FIG. 10 illustrates the application of a filter to multiple staves.

FIG. 11 illustrates an example of a non-note filter that takes account of stylistic nuances in the display of non-note musical objects.

DETAILED DESCRIPTION

Scorewriter programs generally deploy a standard model view-controller software architecture. This enables the underlying data to be displayed in many ways, with each way providing a different view of the data. The choice of view may affect the way a user interacts with the data using the scorewriter controls. For example, the Sibelius® scorewriter uses a data model that describes musical notes in a singular form, but the view code can represent this data in many forms depending on the musical context. The appearance of a note therefore depends on a combination of the note's internal properties and the various parameters of its context. For example, a note of a given pitch may be displayed in many ways depending on the musical context, which may include different clefs, transposing instruments, enharmonic data, and octave line adjustments.

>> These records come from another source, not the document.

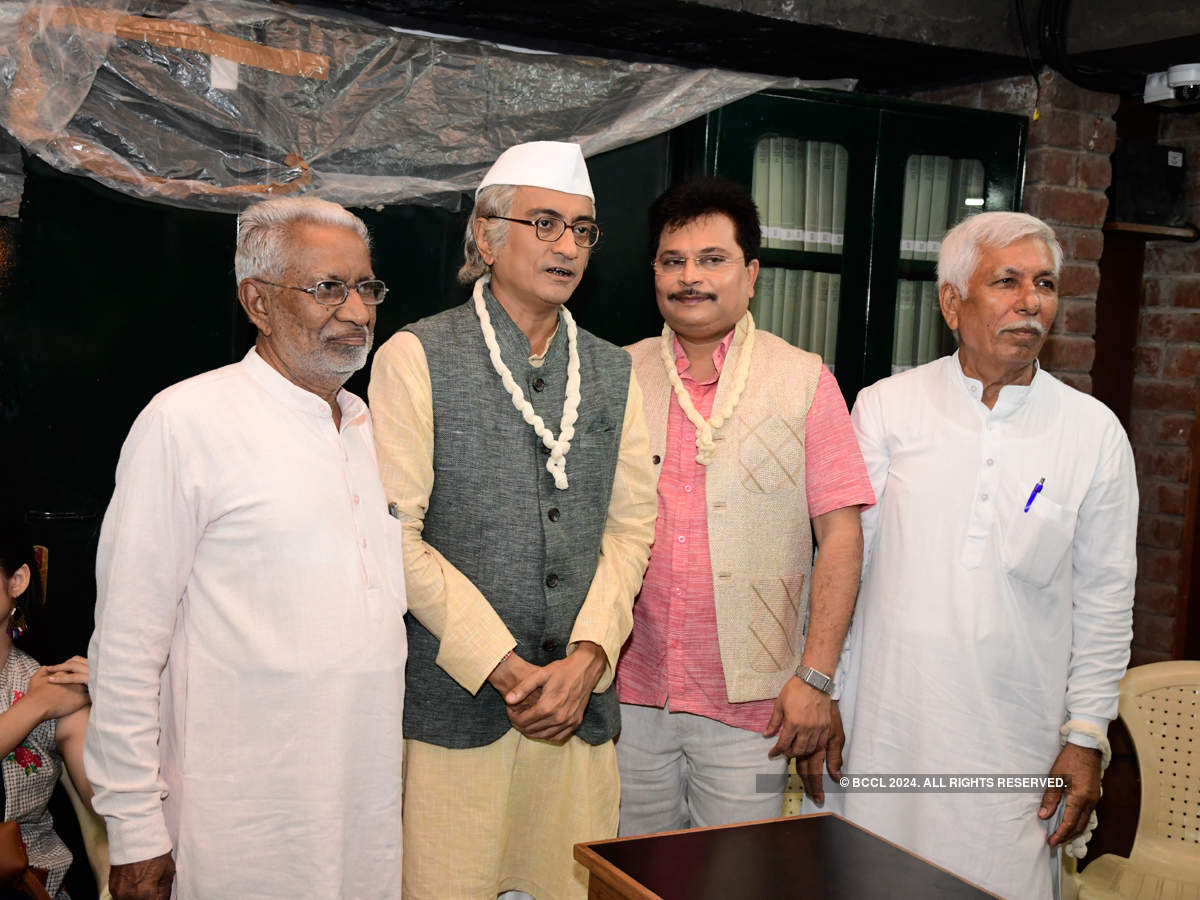 TMKOC team visits Sabarmati Ashram in Ahmedabad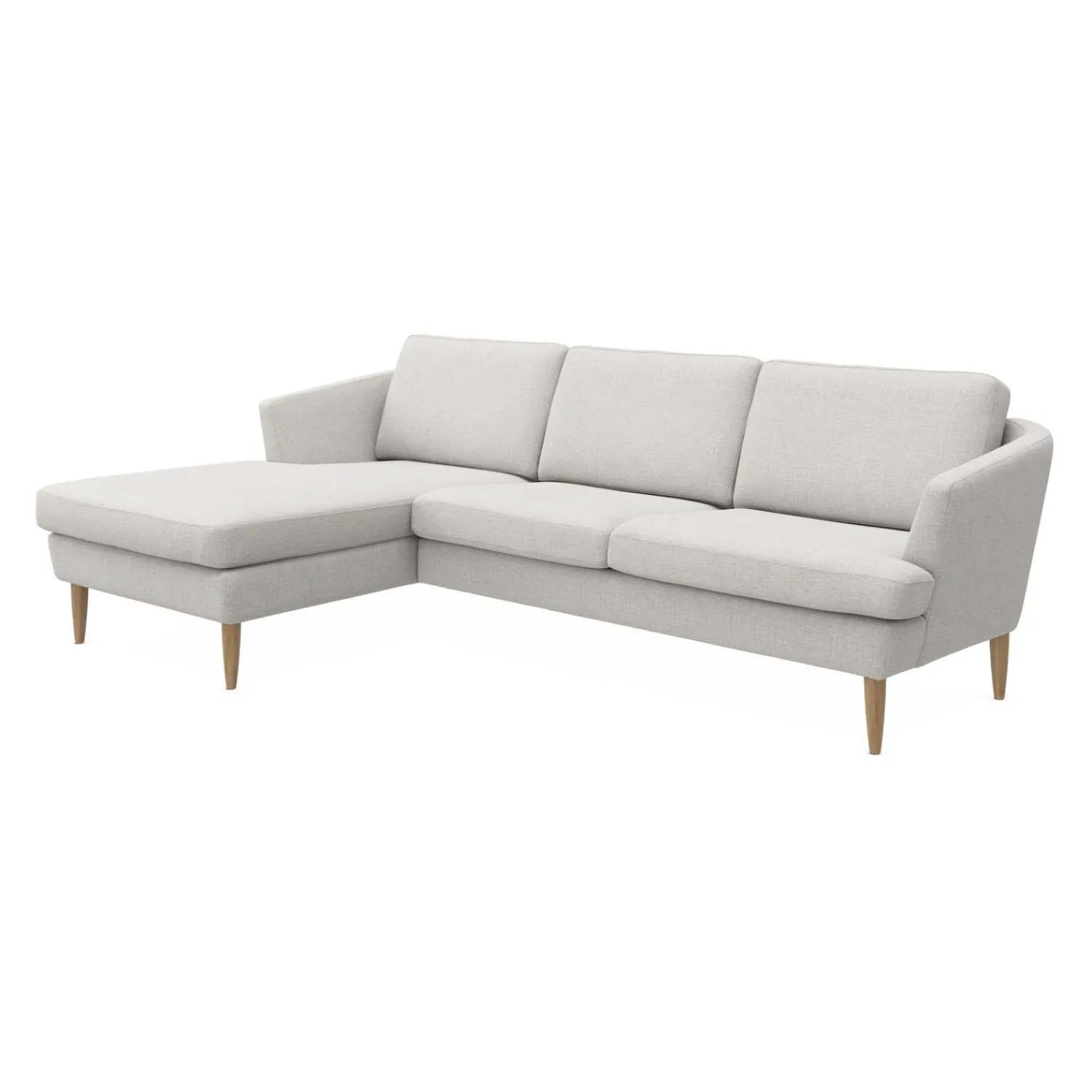 Clearance ILVA Timian venstrevendt sofa med chaiselong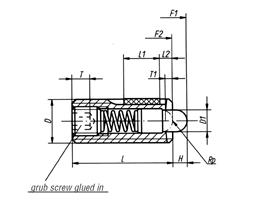 Steel Pressure Pin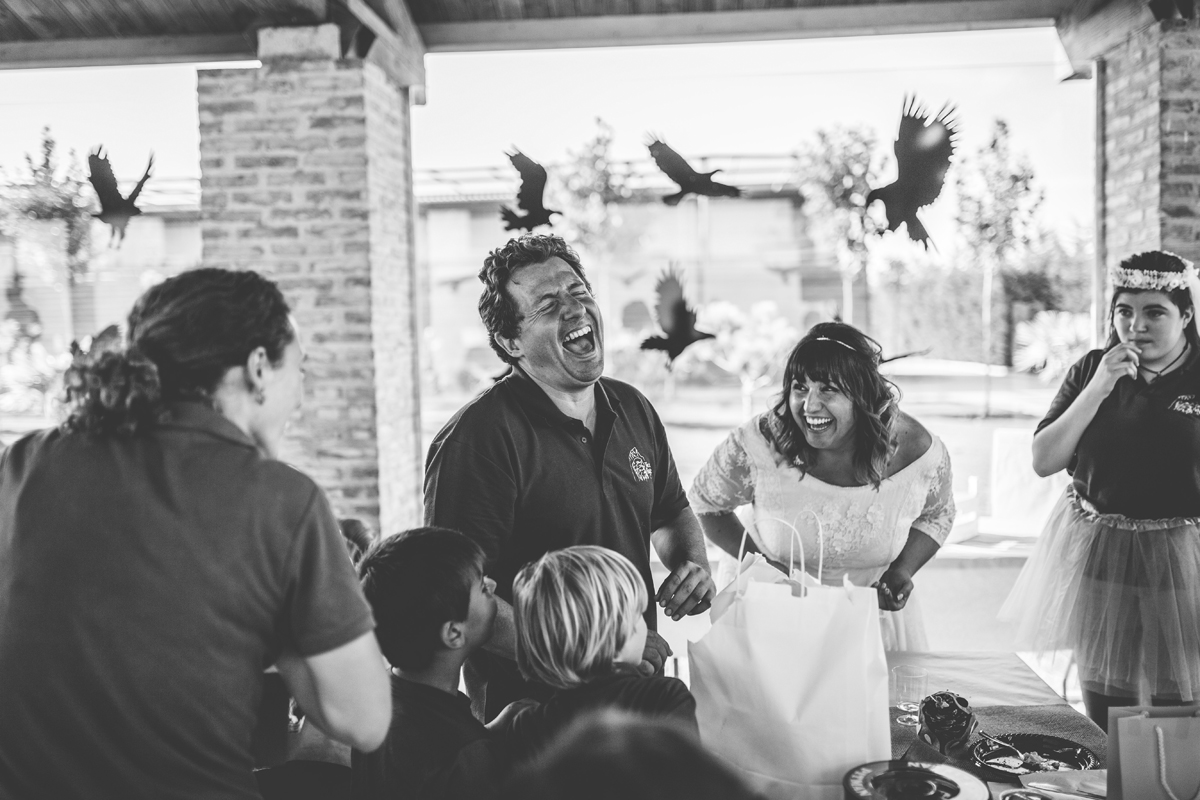 Una boda en Tierra Rapaz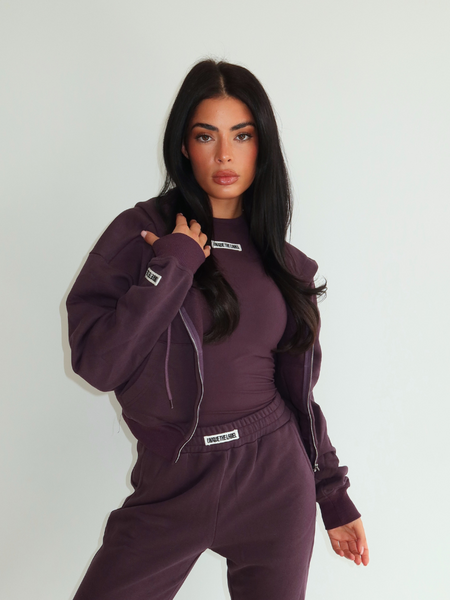 Unique The Label Unique The Label Molly Vest - Deep Berry Unique The Label Molly Vest - Deep Berry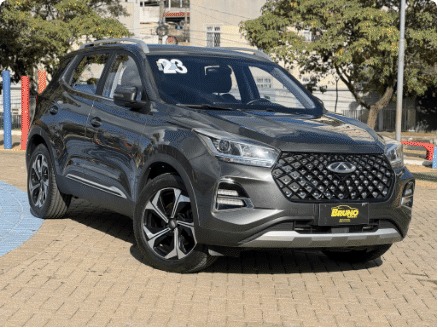 CHERY TIGGO 5X PRO 1.5 VVT TURBO iFLEX CVT 2022/2023 à venda na Bruno Veículos em BH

Existing scorewriter software allows music model data to appear multiple times throughout a project, such as in a full score and in a set of individual instrument parts, and even multiple times within the same view of the music, for example when music data are shared across multiple staves. Such data are referred to as linked or dynamic data, since if it is changed in one view, it also changes in one or more other views. In general, the appearance of linked data in different views is not the same since some customization is applied to change the appearance of a note between views. For example, the same musical data for a single guitar player may be shared and displayed across two distinct types of musical stave, such as notation and tablature.

As mentioned above, when adjusting multiple views of the same underlying data, the affected music items must be customized individually. This process is tedious and error-prone and may need to be carried out multiple times if, for example, a composer decides to add additional score items to a music project. The most common customization involves displaying or hiding from view some musical data items.

We describe herein a method of streamlining the customization process using stave filters. Stave filters provide an additional layer of context that is applied to the underlying music data model, dynamically hiding one or more elements of a stave of music to generate a different view of the score that omits the hidden elements. As used herein, the term “element” refers to an item displayed on a musical score. Element types include, but are not limited to, voices, parts of multi-note voices such as an upper, middle, or lower part, notes, rests, note articulations, dynamics markers, tempo indications, key signatures, and phrasing annotations. A common application of the method is to generate de-condensed stave views of the music. As used herein, a condensed stave is a stave that contains musical data capable of being reduced to a musically meaningful representation displaying a subset of the musical data. In common use cases, a condensed stave is one in which multiple voices or multiple notes belonging to a single voice are represented on a given stave. A de-condensed stave is a stave which contains a meaningful subset of musical data from its parent condensed stave. In common use cases, a de-condensed stave is one in which an individual voice or pair of voices to be played by one or two players is represented on its own stave. For example, a condensed stave may be part of a musical score for an orchestra, such as the strings or woodwind, and a de-condensed stave may be a part for one of the players. As used herein, the term “voice” refers to a musical entity, and in most cases it is the smallest set of musical data items that may be hidden by a stave filter. However, in certain situations, such as when a voice comprises chords having two or more notes, the condensed view of the voice shows multiple notes on a single stave, and a stave filter may hide some of the notes, e.g., the upper ones, to generate a de-condensed stave displaying only a portion of the voice. Often, there is a 1:1 correspondence between a player and a voice, but for instruments such as a keyboard and a multi-stringed instrument, a single player may have multiple voices to play and conversely, several players may play a single voice, such as the doubling up of woodwind players playing a single woodwind voice in an orchestra. Each item of underlying musical data is assigned to a voice and to a player.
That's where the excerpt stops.